In the aftermath of the nation-wide June 2013 protests (Mollona 2014), the social movement Occupy Estelita erupted on the political scene in 2014. Largely composed out of a middle-class group of university students and professors, architects and lawyers, the activists camped on the New Recife terrain to prevent the demolition of historic warehouses located on the construction site. Occupy Estelita has been described as the most important recent Brazilian social movement against the decay of participatory structures and the privatization of public space. Various lawsuits have so far prevented the construction of the New Recife skyscrapers.

Occupy Estelita mobilizations pressured the municipality to re-negotiate the project. Community leaders, both those in favor and against the New Recife project, jumped into the space opened up for re-negotiation. They were able to make claims for public services in land occupations with various shacks bordering the New Recife construction site along the historic train rails. Community leaders in Coque always remained divided however regarding the New Recife project. Nevertheless they are overall satisfied that the project’s redesign includes more space for leisure activities and social housing units as compensation. It still remains unclear, however, who can claim a right to the social housing units and where these will be constructed.

Coque’s leaders and projects

Coque is a ZEIS in the center of Recife where 40 thousand people live. It is located at a walking distance from the New Recife terrain. At the end of 2013, the current mayor spectacularly announced the construction of a canal crossing Coque as a basic sanitation project budgeted at R$18 million. This would go together with the construction of a social housing estate for affected families who lived in shacks on the edge of the canal. However, the social housing estate was never constructed and, instead of a house, the 150 affected families were offered very low compensations ranging from R$ 4,000 to R$ 38,000, amounts that are not sufficient to find housing near Coque.

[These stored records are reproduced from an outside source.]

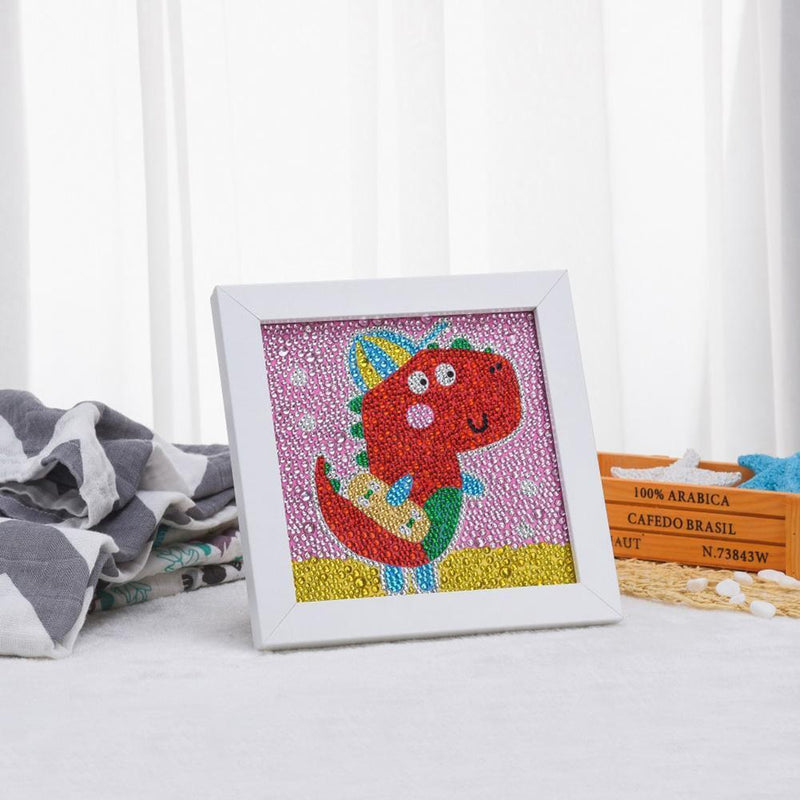 5D DIY Full Drill Special Shaped Diamond Painting Dinosaur Cross Stitch Kit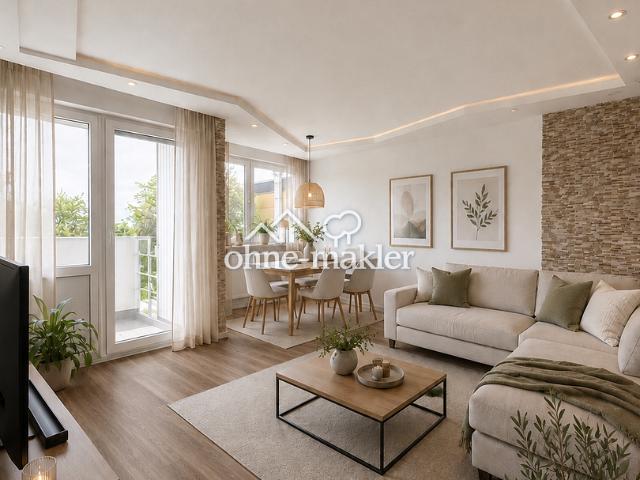 Modern renovierte 3 Zimmer Wohnung mit Balkon & Aufzug in Köln Pesch, provisionsfrei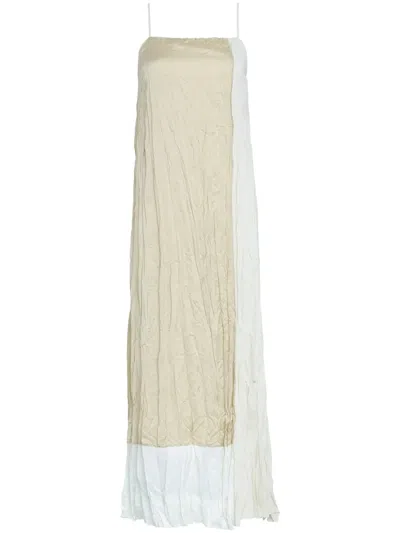 Osklen Pleated Dress In Multi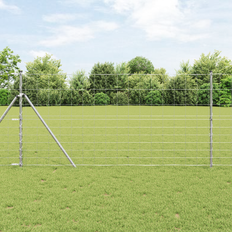 Sølv Hegnssæt vidaXL Markhegn 1.2x10 m Galvaniseret Stål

At the same time the municipality had transferred several pieces of land to “third party” actors for urban development within Coque’s ZEIS borders. A large strip of land along the riverbanks was transferred for the construction of a Juridical hub. Ironically enough, this did not follow PREZEIS regulations.

Louro and Moises, both active in the local board of Coque within the PREZEIS, were very active in the successful resistance against the construction of the juridical hub. They are micro-entrepreneurs, born in the 1970s, and active in community groups involved in the “never-ending struggle” (luta eterna)for better living conditions in Coque. Louro works as an Uber driver and is better known as “Louro of the Pitbulls” for he breeds and takes care of pitbulls. Moises runs a stall (banca) in the city center with his wife where they sell clothes and accessories. He is better known as “Brother Moises” since he is a faithful member of the Pentecostal Assembleia de Deus. With other community leaders and groups in Coque, Louro and Moises stressed the risk of future resettlements that the New Recife project brings for Coque.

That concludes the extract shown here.